[Data records]
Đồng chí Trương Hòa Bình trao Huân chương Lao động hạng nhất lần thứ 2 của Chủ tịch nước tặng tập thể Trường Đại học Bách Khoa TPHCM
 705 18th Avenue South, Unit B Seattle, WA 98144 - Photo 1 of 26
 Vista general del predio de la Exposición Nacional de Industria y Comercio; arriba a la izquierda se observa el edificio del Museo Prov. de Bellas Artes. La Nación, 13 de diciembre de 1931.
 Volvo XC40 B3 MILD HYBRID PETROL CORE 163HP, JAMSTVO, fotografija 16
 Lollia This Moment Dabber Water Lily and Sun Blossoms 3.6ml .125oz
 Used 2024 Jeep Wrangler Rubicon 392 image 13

Work to complete: Each line of the data above should appear again in your answer, exactly as given.

Result of this task:
Đồng chí Trương Hòa Bình trao Huân chương Lao động hạng nhất lần thứ 2 của Chủ tịch nước tặng tập thể Trường Đại học Bách Khoa TPHCM
 705 18th Avenue South, Unit B Seattle, WA 98144 - Photo 1 of 26
 Vista general del predio de la Exposición Nacional de Industria y Comercio; arriba a la izquierda se observa el edificio del Museo Prov. de Bellas Artes. La Nación, 13 de diciembre de 1931.
 Volvo XC40 B3 MILD HYBRID PETROL CORE 163HP, JAMSTVO, fotografija 16
 Lollia This Moment Dabber Water Lily and Sun Blossoms 3.6ml .125oz
 Used 2024 Jeep Wrangler Rubicon 392 image 13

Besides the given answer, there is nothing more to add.